First, remove excess, dirty, or matted hair from around the ear canal and the ear flap. In some cases, excess hair may need to be gently removed from inside. A technician or pet groomer can remove the hair if needed. Next, choose a mild ear cleaner formulated especially for pets. Avoid using vinegar, alcohol, or hydrogen peroxide.

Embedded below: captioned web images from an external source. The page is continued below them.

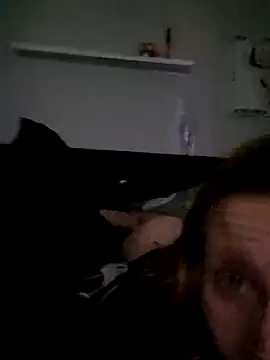 Snapshot of NibbleSweetie chatting on 13, 12, 2025 NibbleSweetie online show from 13, 12, 2025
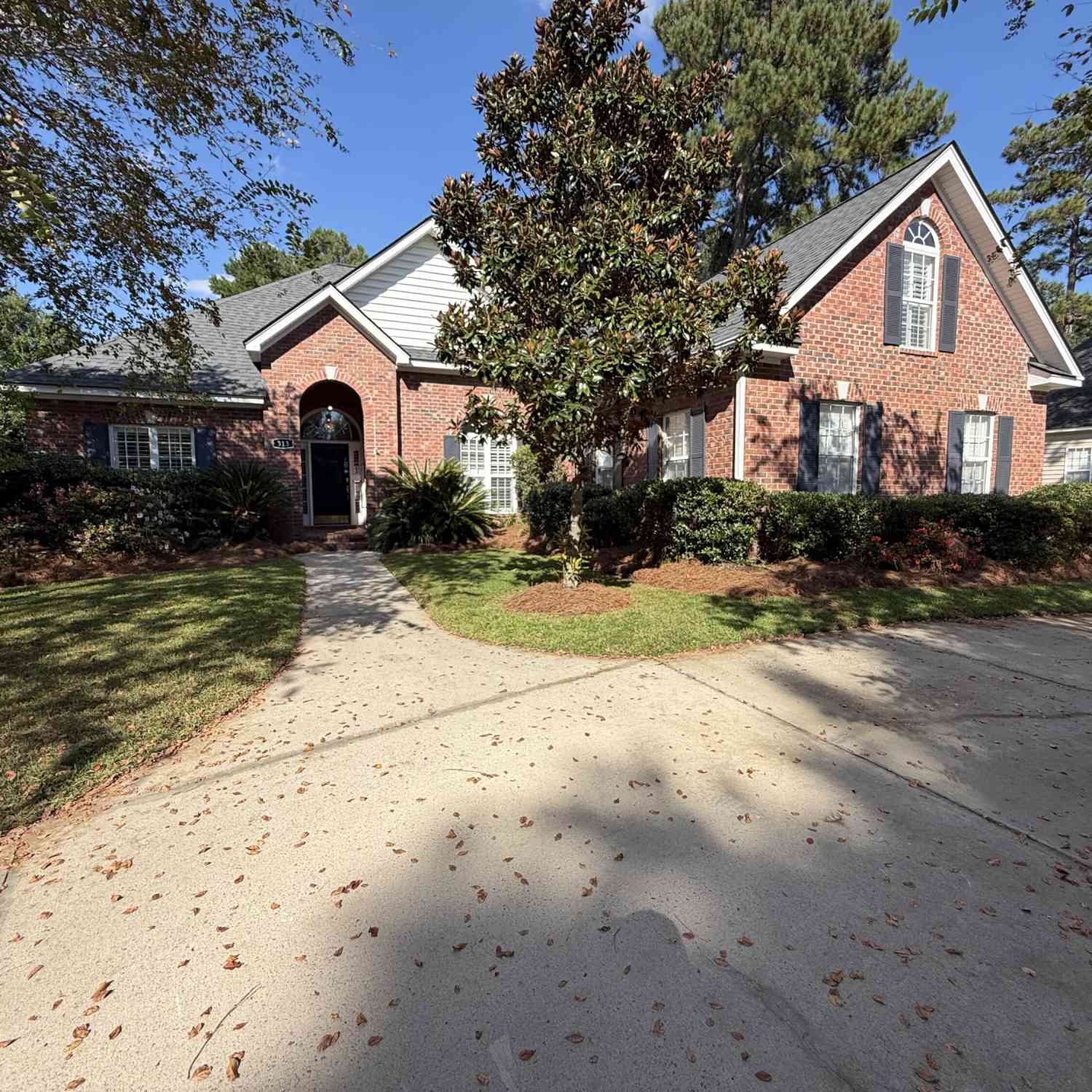 Homes For Sale - 313 Glen Eagles Drive<br/> Summerville, SC 29483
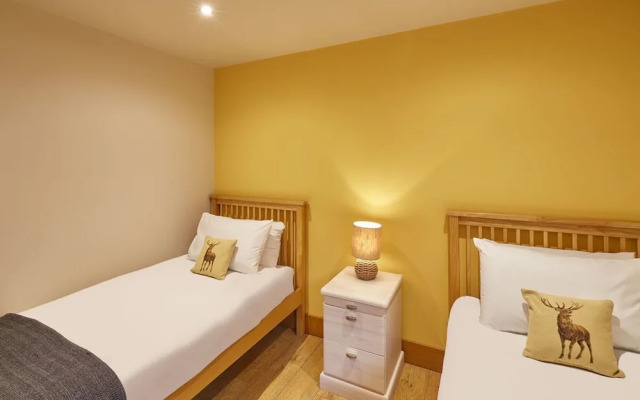 Host Stay Simon Howe Lodge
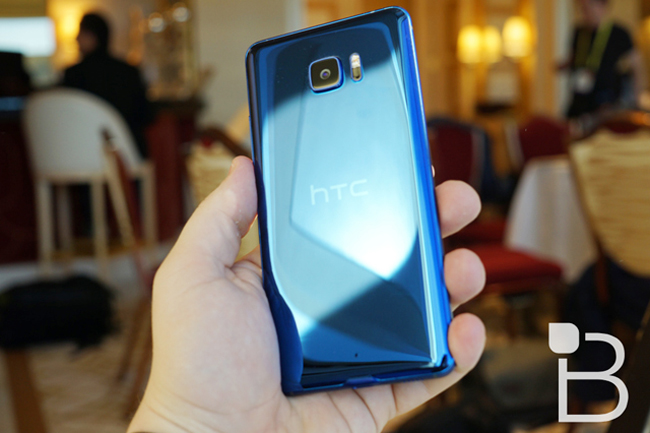 Cuối cùng thì mẫu smartphone cao cấp HTC U Ultra cũng đã trình làng tại Đài Loan với cấu hình mạnh, và nhiều trang bị cao cấp sẵn sàng cạnh tranh với các thiết bị đầu bảng hiện nay.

There are several types of cleaners to choose from. Some cleaners break up wax, while others dry the ear canal. There are combination products as well.
Now, it’s time to actually clean out the ear canals. Always be gentle! The ear canals and flaps are sensitive. Overly aggressive cleaning can actually cause damage to the delicate ear structures. Pick up an ear flap and dribble a small amount (a few drops) of the appropriate ear cleaning solution into the ear. The solution should flow down deep into the canal. Massage gently at the ear base for 10-20 seconds — you will probably hear the solution squish around as you massage. This should not be painful for your dog. If it is, have him examined by our vet. Repeat the cleaning procedure with the other ear canal.
After massaging, stand back and let your dog shake his head to bring softened wax up out of the ear canals. Use clean cotton balls to gently wipe out and up the canal, removing any wax, debris, or cleaning solution you see. For small dogs, you may need to use cotton balls or baby wipes that have been pulled in half. Avoid using cotton swabs — a cotton swab placed too deeply or forcefully into the ear can cause ear drum damage, pain, and hearing loss.